Mahtab Farid (مهتاب فرید; born March 26) is an author, journalist, analyst, public diplomacy strategist and Boren Scholar. Farid is also a 2017–2018 Global Cultural Fellow with Institute of International Cultural Relations. She has over a decade experience working for major international news outlets Fox News Channel, VOA and Radio Free Europe. The U.S. State Department honored Mahtab Farid with "Expeditionary Service Award" for her efforts in public diplomacy in Afghanistan. The award was handed over to Mahtab by Under Secretary Patrick Kennedy on behalf of Secretary Hillary R. Clinton on Tuesday, November 29, 2011 in an official ceremony at the State Department in Washington, DC. The award, signed by Secretary of State Clinton, reads: “In grateful recognition for your committed service in extraordinary and arduous conditions during your field assignment in Afghanistan. In spite of constant danger and difficulty your contributions to reconstruction, stability, and peace reflect great credit on yourself and on the Department of State.”

==Education and career==
Mahtab Farid was a journalist at Voice of America and Radio Farda. She led training and professional capacity building courses for more than 100 journalists, including females, in eastern and central Afghanistan. Farid told to AFJC she was fortunate to share the American values with Afghans and build a bridge through personal and public diplomacy. “ I owe my service to many of our military colleagues who kept me safe and protected me like an ambassador and my service wouldn't have been possible without the friendship and support of our Afghan friends.” She added.

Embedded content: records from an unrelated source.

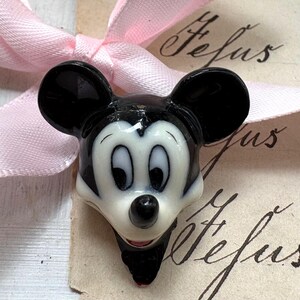 K&ouml;nnte beinhalten: Eine Mickey Mouse-Kopf-Figur in Schwarz, Wei&szlig; und Rot. Die Figur hat gro&szlig;e schwarze Ohren, ein wei&szlig;es Gesicht und einen roten Mund. Im Hintergrund ist ein rosa Band zu sehen.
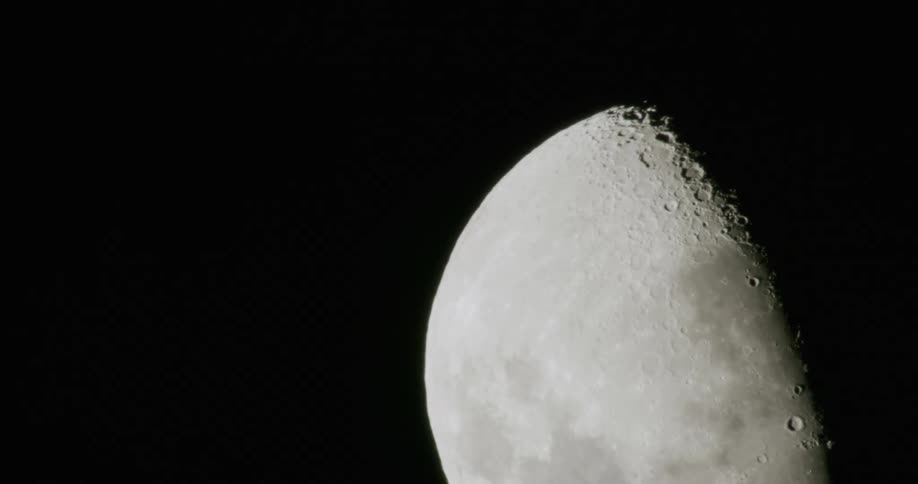 A partial moon is illuminated on a dark night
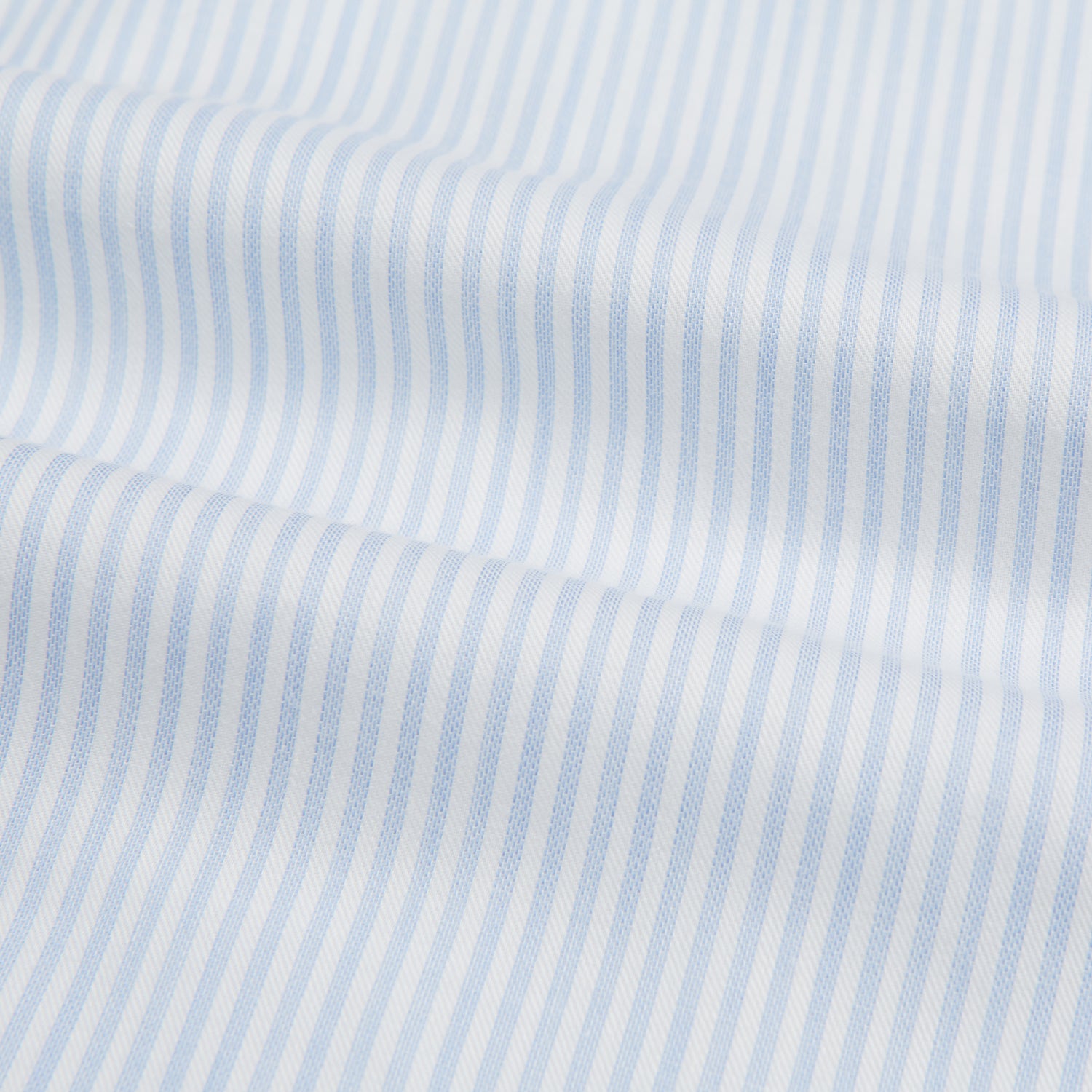 View 5 of product The Turnbull & Asser Blue and White Pencil Stripe Cashmerello Mayfair Shirt features a pointed collar, white buttons, buttoned cuffs, and long sleeves. Crafted from a cotton-cashmere blend, it’s displayed flat on a white background.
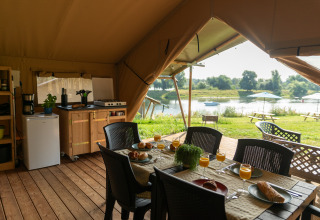 Binnenkant van safaritent met eetplek, keukentje en zicht op de rivier bij Camping de Boomgaard in België.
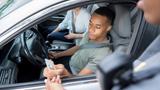 A young man is pulled over for speeding, photo by SDI Productions/Getty Images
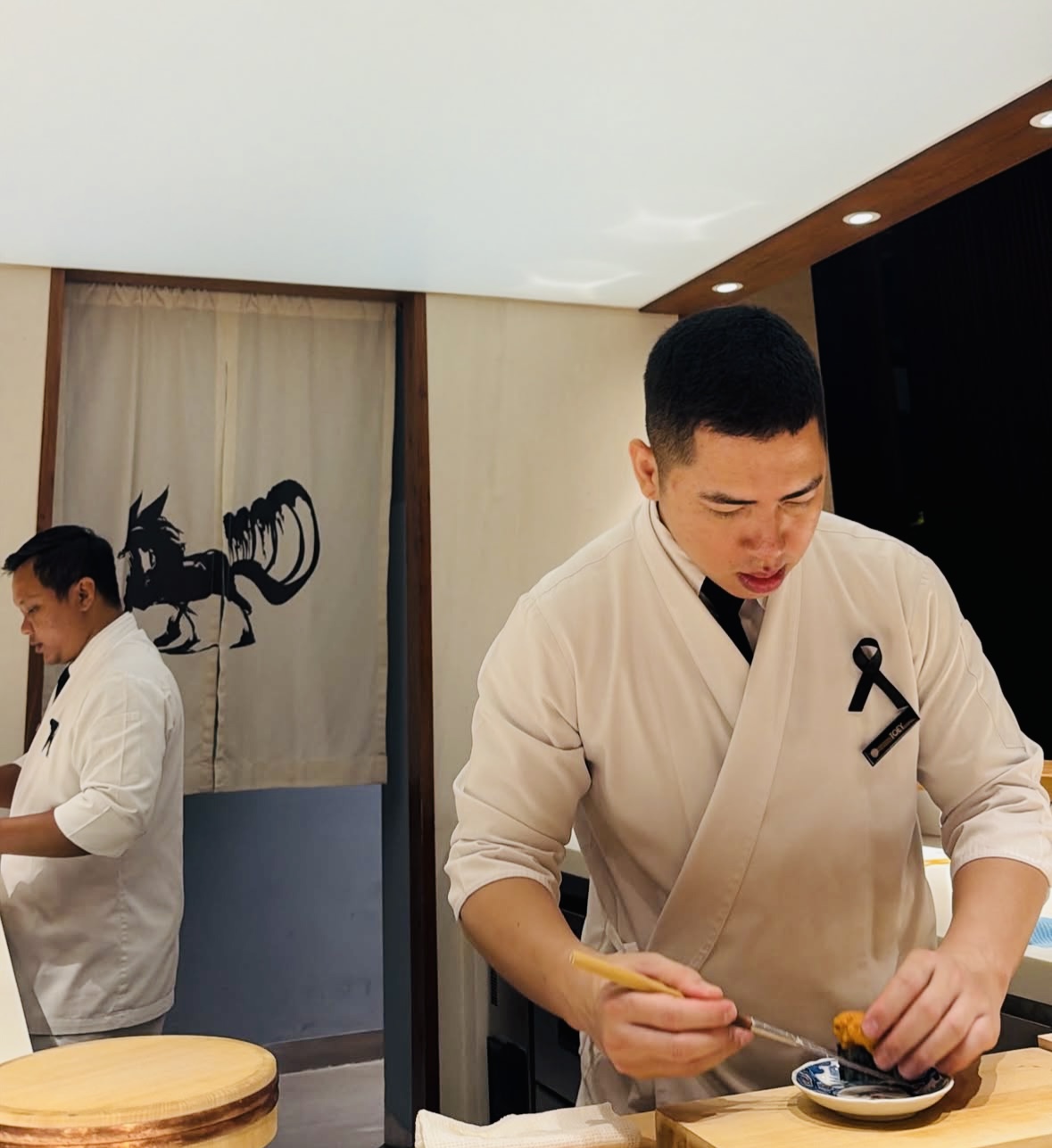 Chef plating a refined dish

December 7, 2010: The "US State Department Meritorious Award" for Mahtab Farid from the hand of Karl Eikenberry, US ambassador to Afghanistan for my contributions in public diplomacy. The letter attached to Mahtab Farid's award said, "Her energy and dedication has led to the completion of a series of highly successful projects that have told the Regional Command East story, developed capacity in the Afghan media and fostered civilian- military (Civ-Mil) integration."

Book: Mahtab Farid is the author of Serving Without A Uniform: Reporting Truth in Defense of Freedom
==Awards==
- November 29, 2011: The US State Department Expeditionary Service Award for Mahtab Farid's efforts in public diplomacy in Afghanistan. She was honored by Under Secretary Patrick Kennedy on behalf of Secretary Hillary R. Clinton in an official ceremony at the State Department.
- December 7, 2010: The US State Department Meritorious Award was presented to Mahtab Farid by U.S. Ambassador to Afghanistan Karl Eikenberry, for contributions to public diplomacy.